Work order - The full listing, excluding its pictures, should be printed exactly as it stands.

Raw data -
....................
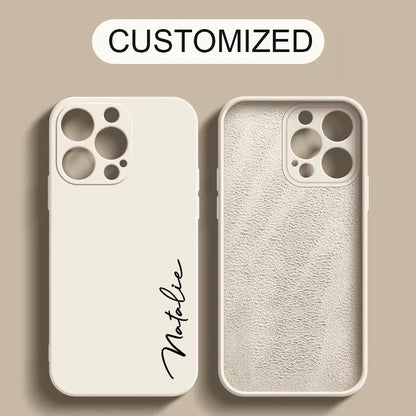 Luxury Liquid Silicone Soft Full Cover 15 14 13 Pro Max Personalized Customized DIY Name Case For iPhone 15 14 13 12 11 Pro Max - covers4phones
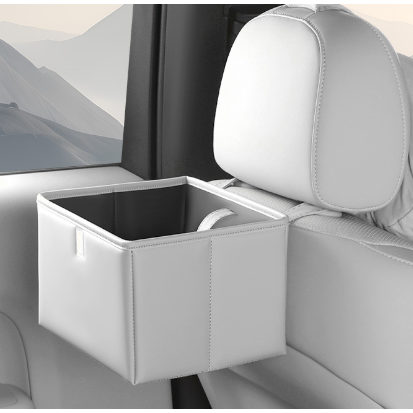 White Foldable Car Trash Bin and Storage Box - 23x17x15cm, Space-Saving, Convenient Design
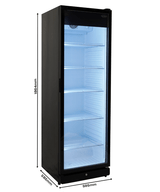 Glasdeur koelkast | 388L | Zwart | +1°C/+9°C | Geforceerd | Wielen | 595x585x1864(h)mm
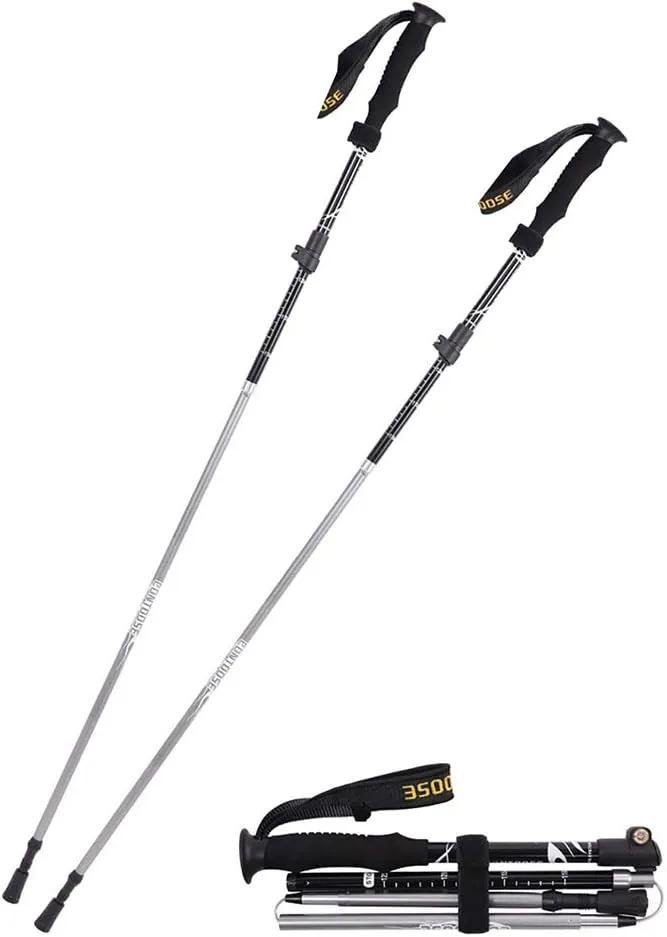 Trekking Poles Collapsible Lightweight Abrasion Resistance Carbon Rod Tip High Strength Aluminum Alloy Ultralight Adjustable Absorb Ski Straight Handle 2PCS Accessories and Carry Bags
....................
Solution to this problem -
 Luxury Liquid Silicone Soft Full Cover 15 14 13 Pro Max Personalized Customized DIY Name Case For iPhone 15 14 13 12 11 Pro Max - covers4phones
 White Foldable Car Trash Bin and Storage Box - 23x17x15cm, Space-Saving, Convenient Design
 Glasdeur koelkast | 388L | Zwart | +1°C/+9°C | Geforceerd | Wielen | 595x585x1864(h)mm
 Trekking Poles Collapsible Lightweight Abrasion Resistance Carbon Rod Tip High Strength Aluminum Alloy Ultralight Adjustable Absorb Ski Straight Handle 2PCS Accessories and Carry Bags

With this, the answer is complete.